- Exercise prompt
Using the data that follows, give again word for word the lines between the one holding "foot was repaired)" and the one holding "The Garden Bar Hotel", inclusive. Omit the pictures.

- Data for the task
+++++

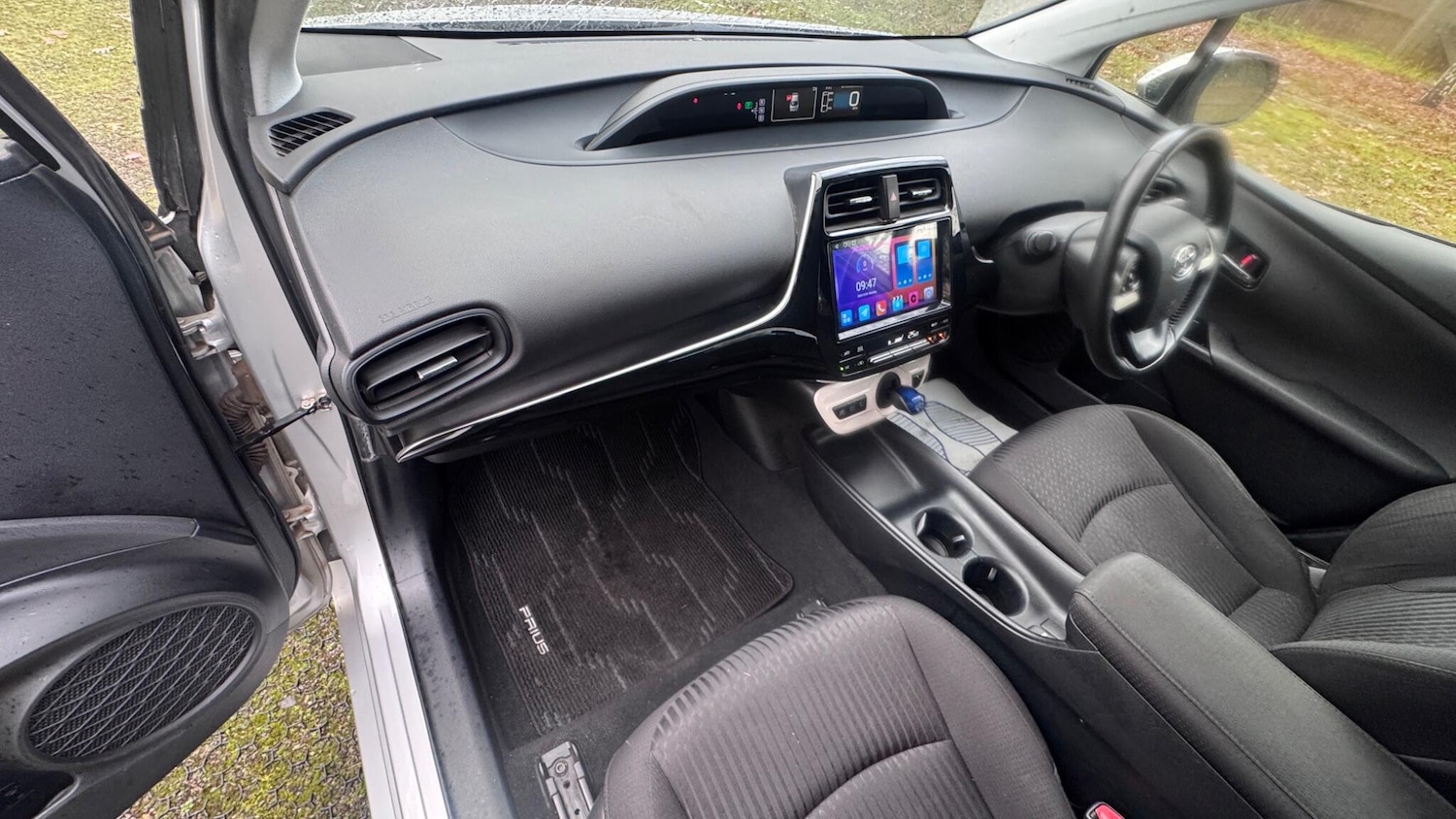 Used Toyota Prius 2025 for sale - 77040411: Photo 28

+++++

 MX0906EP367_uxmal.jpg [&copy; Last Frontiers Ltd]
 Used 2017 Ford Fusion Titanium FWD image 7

+++++

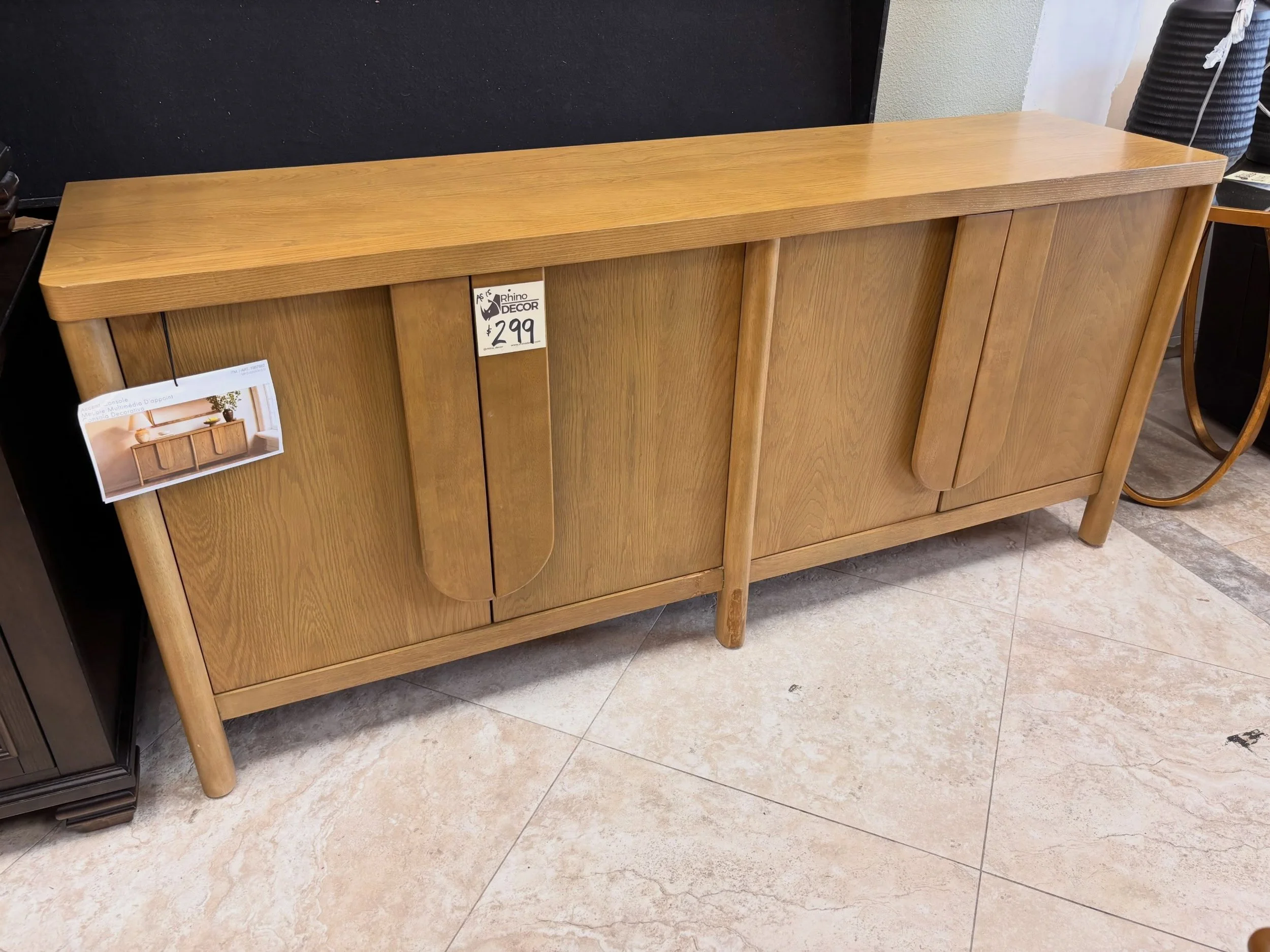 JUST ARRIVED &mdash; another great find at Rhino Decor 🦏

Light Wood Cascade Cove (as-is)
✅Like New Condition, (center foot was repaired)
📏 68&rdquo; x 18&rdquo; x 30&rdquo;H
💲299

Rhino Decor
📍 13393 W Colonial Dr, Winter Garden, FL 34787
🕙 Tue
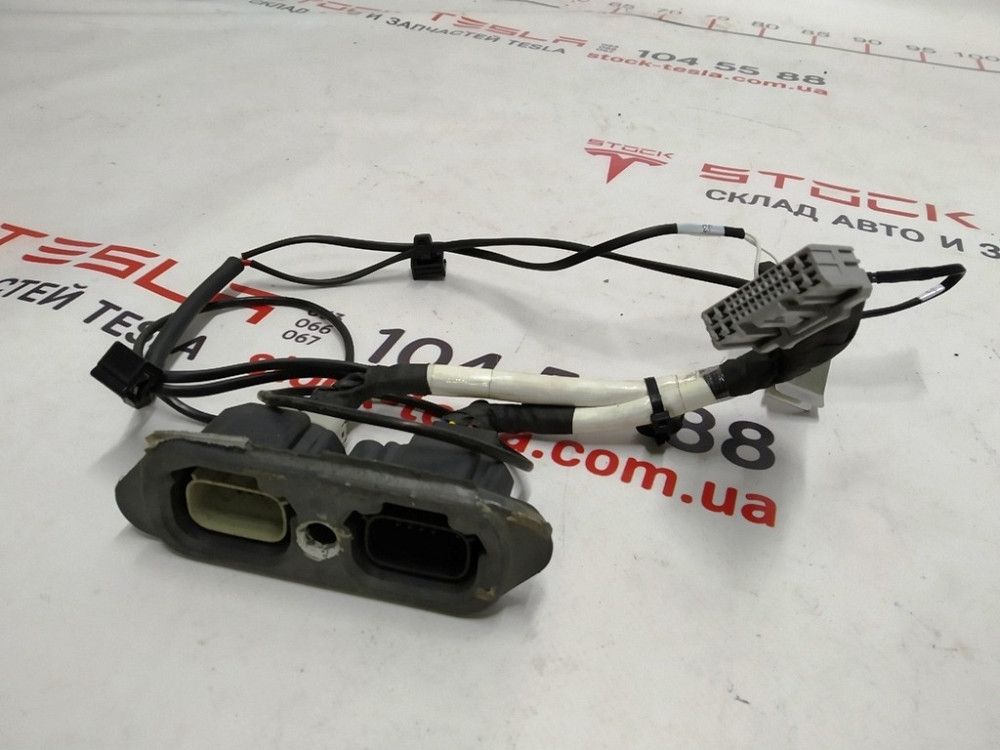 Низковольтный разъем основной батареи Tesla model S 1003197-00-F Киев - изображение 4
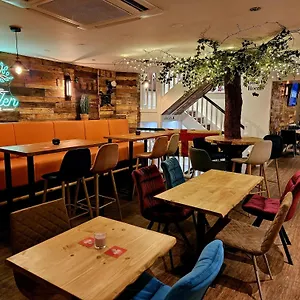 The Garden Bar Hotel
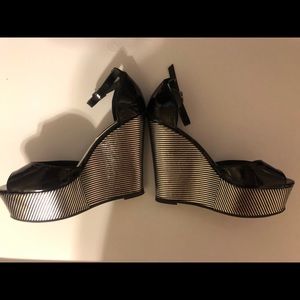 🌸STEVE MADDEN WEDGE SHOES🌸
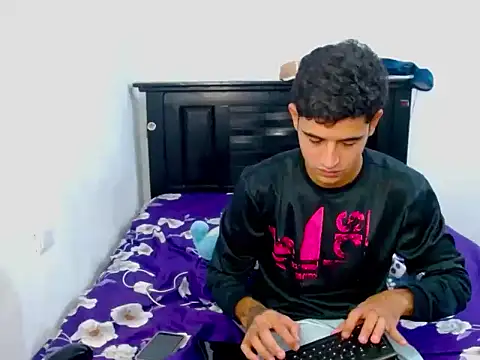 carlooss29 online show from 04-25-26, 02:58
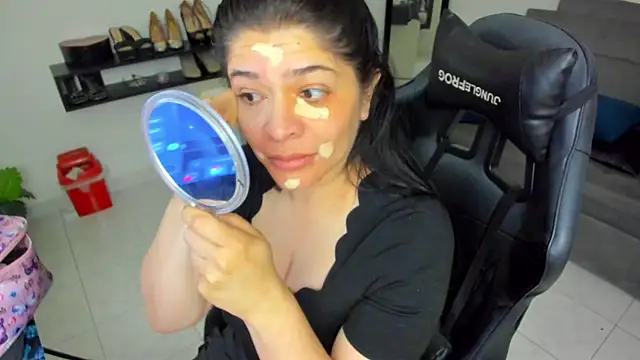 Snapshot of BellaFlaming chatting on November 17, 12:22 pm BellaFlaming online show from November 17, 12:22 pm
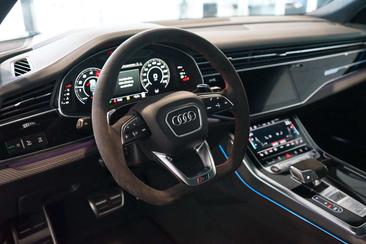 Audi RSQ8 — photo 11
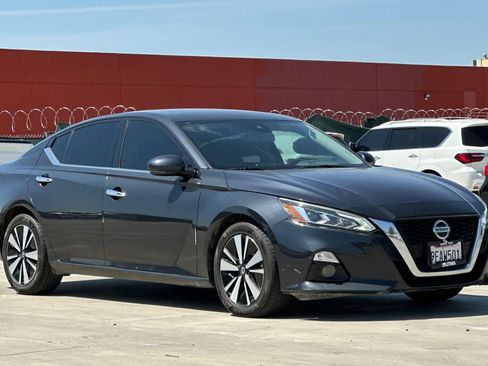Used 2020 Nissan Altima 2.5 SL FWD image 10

+++++

- Exercise response
✅Like New Condition, (center foot was repaired)
📏 68&rdquo; x 18&rdquo; x 30&rdquo;H
💲299

Rhino Decor
📍 13393 W Colonial Dr, Winter Garden, FL 34787
🕙 Tue
 Низковольтный разъем основной батареи Tesla model S 1003197-00-F Киев - изображение 4
 The Garden Bar Hotel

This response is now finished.